People have tried to run Qwen3-235B-A22B-Thinking-2507 on 4x $600 used, Nvidia 3090s with 24 GB of VRAM each (96 GB total), and while it runs, it is too slow for production grade (<8 tokens/second). So we're already at $2400 before you've purchased system memory and CPU; and it is too slow for a "Sonnet equivalent" setup yet...
You can quantize it of course, but if the idea is "as close to Sonnet as possible," then while quantized models are objectively more efficient they are sacrificing precision for it.
So next step is to up that speed, so we're at 4x $1300, Nvidia 5090s with 32 GB of VRAM each (128 GB), or $5,200 before RAM/CPU/etc. All of this additional cost to increase your tokens/second without lobotomizing the model.
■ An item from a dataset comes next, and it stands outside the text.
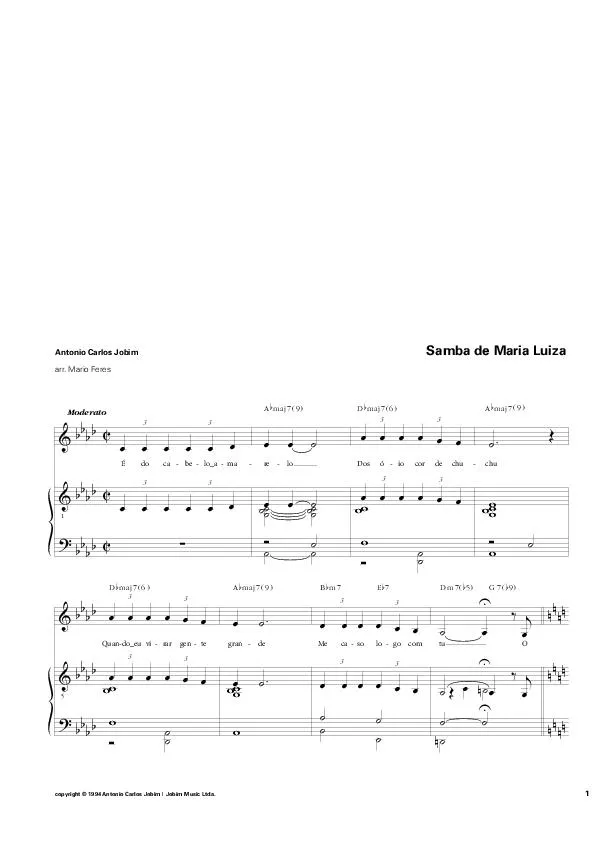télécharger la partition d'accordéon Samba de Maria Luiza (Arrangement : Mario Feres) (Samba) au format PDF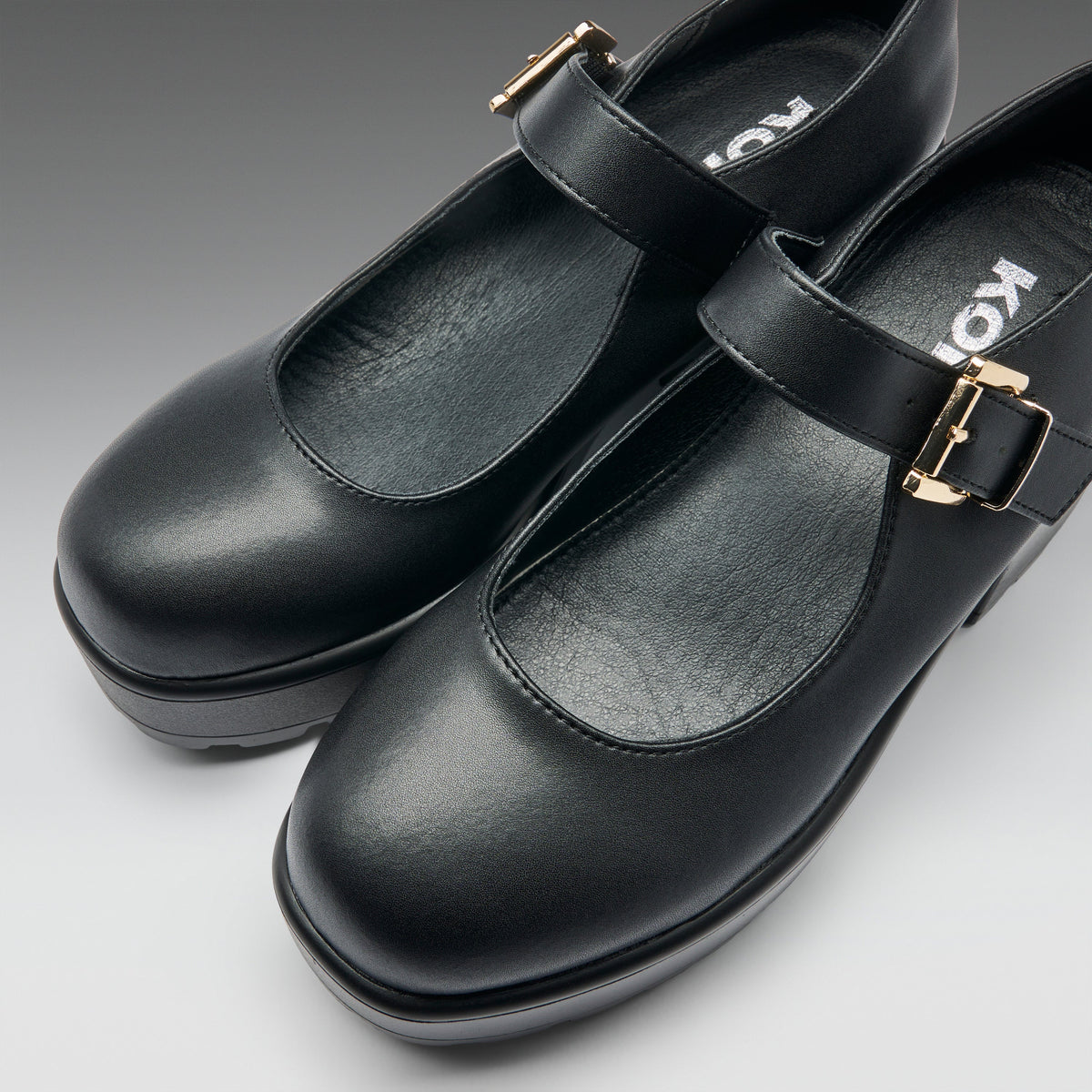 KOI Footwear - Black Chunky Platform Mary Jane Shoes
This still may not be enough.
I guess my point is: You see this conversation a LOT online. "Qwen3 can be near Sonnet!" but then when asked how, instead of giving you an answer for the true "near Sonnet" model per benchmarks, they suddenly start talking about a substantially inferior Qwen3 model that is cheap to run at home (e.g. 27B/30B quantized down to Q4/Q5).
The local models absolutely DO exist that are "near Sonnet." The hardware to actually run them is the bottleneck, and it is a HUGE financial/practical bottleneck. If you had a $10K all-in budget, it isn't actually insane for this class of model, and the sky really is the limit (again to reduce quantization and or increase tokens/second).
PS - And electricity costs are non-trivial for 4x 3090s or 4x 5090s.